Dateline: 28 November 2025. The coach ride from Gridhakuta to Venu Van was brief. After all, the two sites were barely three or four kilometres apart. After the crowds and constant activity at Gridhakuta, Venu Van felt so much quieter, almost laid back. Just a gate, a park and the feeling that we were stepping into a place that once belonged to someone else’s idea of rest.
Venu Van means Bamboo Grove and the bamboo still grew thick in places, tall and closely packed. This had once been King Bimbisara’s royal garden, a private retreat that he chose to give away to a wandering teacher and his followers. It became the first vihara ever formally offered to the Sangha. Before monasteries became institutions, there was this simple gift of a grove and a king’s permission to stay.
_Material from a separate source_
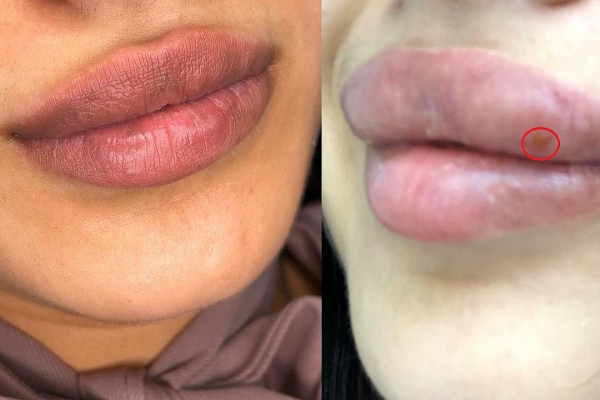 «Губы лопнули, гель потек»: косметолог изуродовал блогершу инъекциями красоты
At the centre of the park was a pond known as the Karanda Tank. Tradition says the Buddha bathed here before walking out to teach on Gridhakuta. Standing by the water, I could picture him rinsing off dust and sweat before heading into the world to speak. We wandered quietly through the grounds and stopped at the Phra Ovadapatimokkha Dhammacetiya where we prepared for some brief meditation and chanting. Beyond this, there were other small shrines and a modern Buddha statue set around the pond. Walking through Venu Van, it became easy to appreciate how a kingly gift turned into a place of residence and how from here the path led uphill to Gridhakuta and, further still, to Nalanda where the Buddha’s teachings would later be organised, expanded and housed in brick and system.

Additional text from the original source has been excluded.